Bookmark and Share

Notice: On April 23, 2014, Statalist moved from an email list to a forum, based at

[Date Prev][Date Next][Thread Prev][Thread Next][Date Index][Thread Index]

Re: st: Selecting a sample to compromise between significant size and geographical dispersion

From   Stas Kolenikov <>
Subject   Re: st: Selecting a sample to compromise between significant size and geographical dispersion
Date   Fri, 16 Sep 2011 09:48:26 -0500

On Thu, Sep 15, 2011 at 2:25 AM, Partho Sarkar
<> wrote:
> Broadly speaking, I want to select a sample from a very large
> population to achieve a "good" compromise between excluding
> "insignificant" units, and ensuring "reasonable" diversity.  I have a
> hierarchical dataset on prices of some commodities from markets across
> the country.  (The geographical levels being:
> national-state-district-market.  Markets are the primary units).

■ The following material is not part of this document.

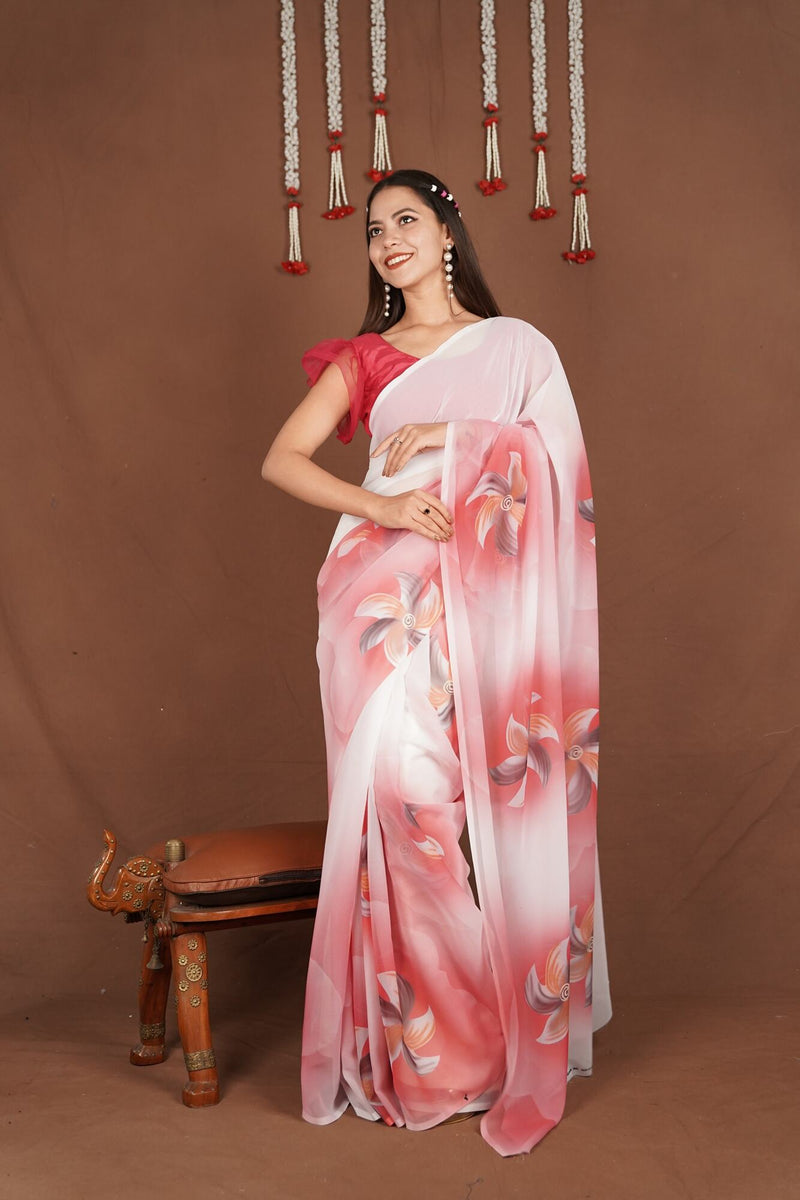 Ready To Wear Light Wear Summer Georgette Printed Wrap in 1 minute saree With Readymade Blouse - Isadora Life Online Shopping Store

I
> want to consider the prices only from "significant" markets, i.e., for
> each commodity, markets which have trading volumes at least equal to
> the median volume (say).  BUT, I also want to ensure as complete a
> geographical coverage as possible.

I second Maarten's request for you to define the population. If you
don't have the population defined, you don't know what your sample is
good for. It appears though that your understanding of sampling is
that you define the cut-off and keep every market above it. That's a
very silly design: this is a census of a specific subpopulation, and
it may not inform you about the whole population.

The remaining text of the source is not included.